7 Haziran'dan sonra geçen iki aylık süre, bize şu gerçeği bir
kez daha gösterdi: Türkiye'de siyasetin sıkışmasına yol açan,
kutuplaşmayı teşvik eden ve uzlaşmaya yanaşmayan iktidardaki AK
Parti değil, muhalefetteki CHP, MHP ve HDP'dir.

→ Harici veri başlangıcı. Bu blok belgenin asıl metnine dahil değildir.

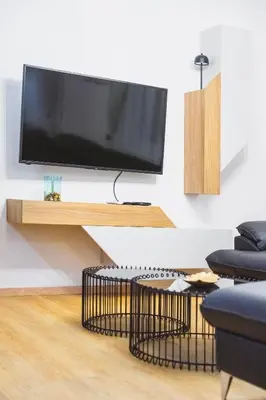 a living room with a flat screen tv on a shelf at Luka's apartment in Pirot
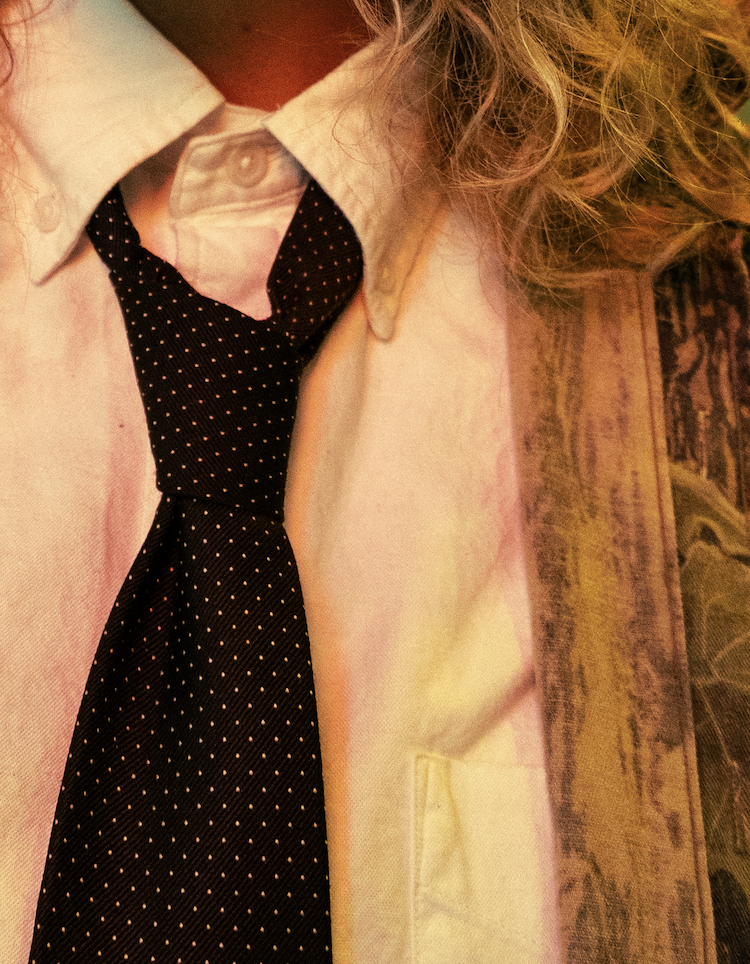 Close-up of a person wearing a light-colored blazer, a white collared shirt, and a black tie with small white polka dots, with curly blond hair visible.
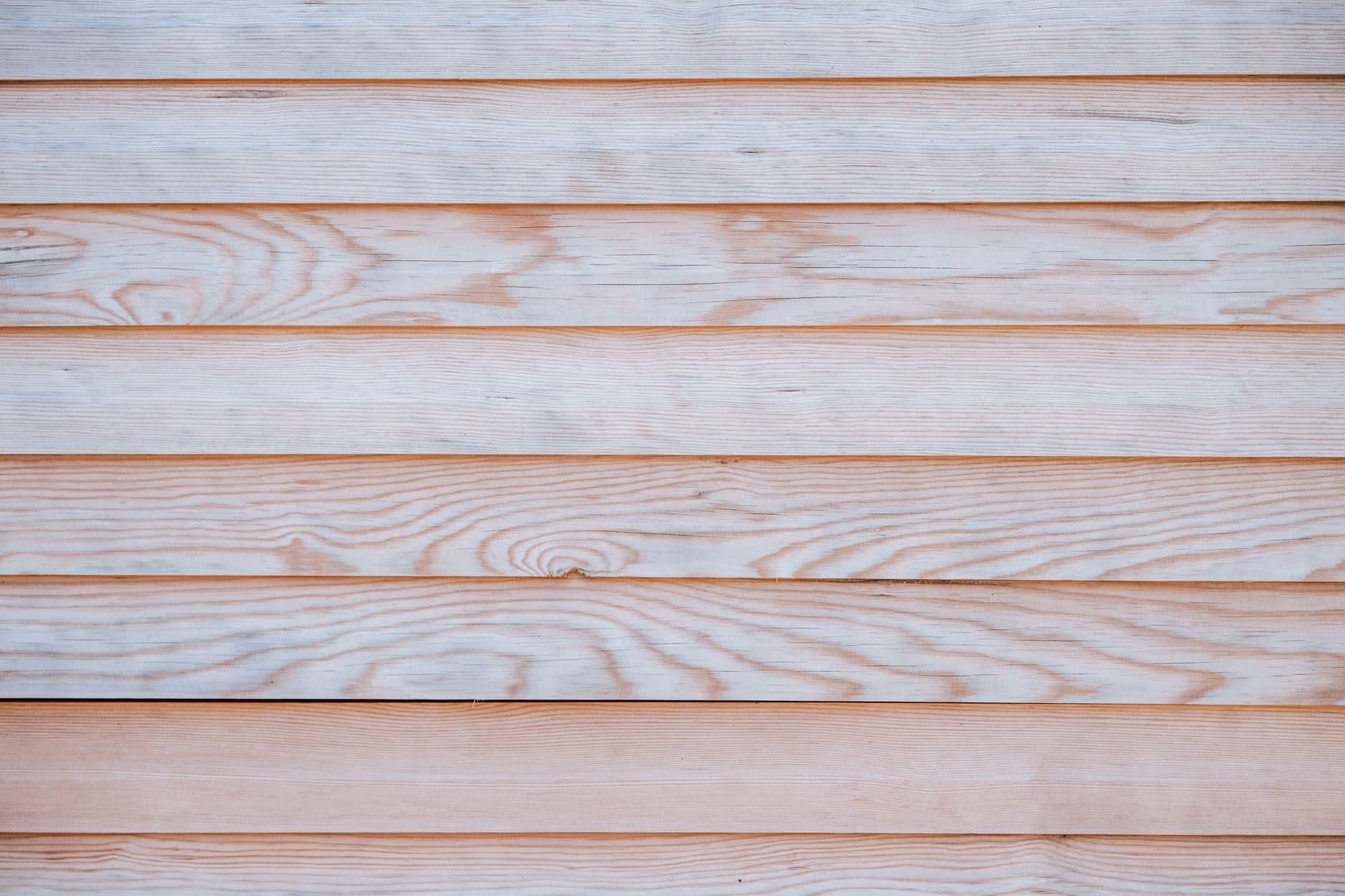 Lap siding running clean across a house wall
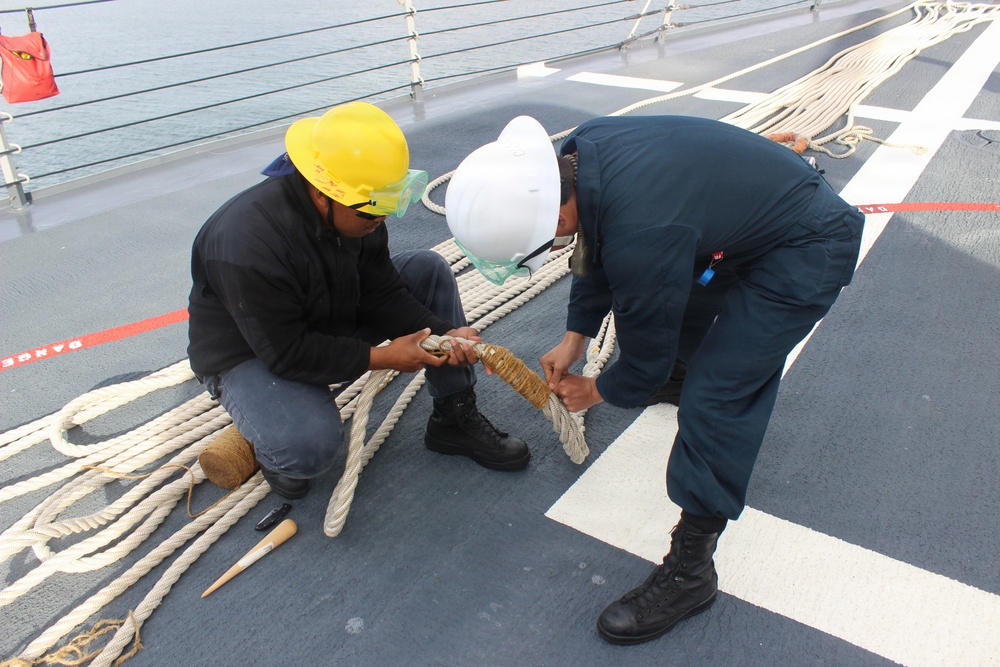 USS HOPPER Sailors making adjustments to a mooring line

Bu partilerin sadece iktidar partisiyle değil, birbirleriyle
ilişkileri de sorunlu... Genel siyaset adına üzüntü verici de olsa
böyle bir siyasi partiler gerçeği var. Bunun bir nedeni, siyasetin
kimlikler üzerinden şekillenmesiyse bir diğer nedeni de bu
partilerin siyaset üretememeleri. Hiçbiri gerçek anlamda bir
Türkiye partisi değil. Muhalefet partileri, bugüne kadar siyaset
üretebilseydi ne 7 Haziran sonrası böyle olurdu, ne de Türkiye'deki
temel sorunlar çözümsüz kalırdı.
Böyle bir geçmişi olan muhalefet partilerinin birdenbire
"uzlaşmacı" kesilmeleri de inandırıcı değil. Alın CHP'yi...
Uzlaşmak için yola çıkan CHP aklı, başından beri iki şeyden
vazgeçmedi. Cumhurbaşkanına yönelik saldırılardan ve hükümetin 13
yıllık icraatını felaket diye nitelemekten... Böyle negatif bir
yaklaşımdan elbette bir koalisyon hükümeti çıkamazdı.
Eğer CHP'nin önceliği Türkiye ve uzlaşma olsaydı bu iki konuyu moda
deyimle "buzdolabına koyar" işe "yeni bir siyaset diliyle" başlar
ve anlaşılan konularda süreli reform
hükümetiyle koalisyonun kurulmasını sağlardı.